Nelson Rodrigues, o porco chauvinista

Escrevi isso em Dezembro de 2012, mas como o porco ainda me incomoda, decidi postar o que estava na lixeira desse blog…quem quiser ler, tá aí, minha opinião registrada.

Esse ano, comemorou-se o centenário do “maior dramaturgo” da língua portuguesa. Sim, esse post está um pouco atrasado, a comemoração ocorreu em Agosto de 2012. A falta de tempo me impossibilitou escrever algumas linhas sobre a comemoração.

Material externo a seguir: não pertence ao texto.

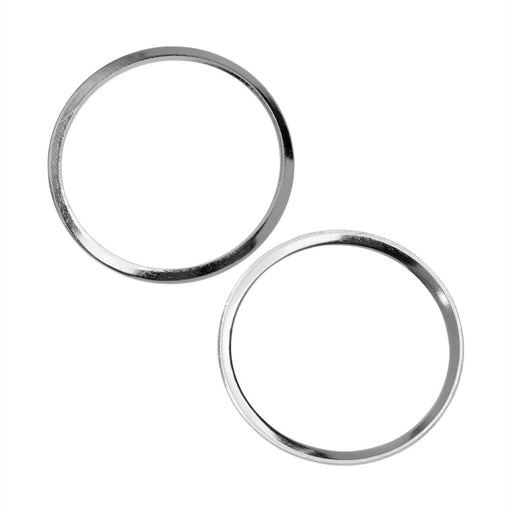 Beadable Open Frame Link, Concave Circle 25mm, Stainless Steel (4 Pieces)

Autor de frases como A mulher tem diluído em seu sangue milênios de submissão, e quando o homem não a domina, ela passa a desprezá-lo” e “ Para bater na mulher não é preciso ser casado, o homem pode ser namorado, noivo ou amante. O jogo amoroso exige na hora certa a violência masculina“, Nelson Rodrigues provocou também a revolta das feministas assim classificadas por ele “ Acho que todos os chamados movimentos de libertação feminina são liderados por machos mal acabados. Não aceito ser chamado de porco chauvinista, porque minha posição decorre exclusivamente da natureza humana“.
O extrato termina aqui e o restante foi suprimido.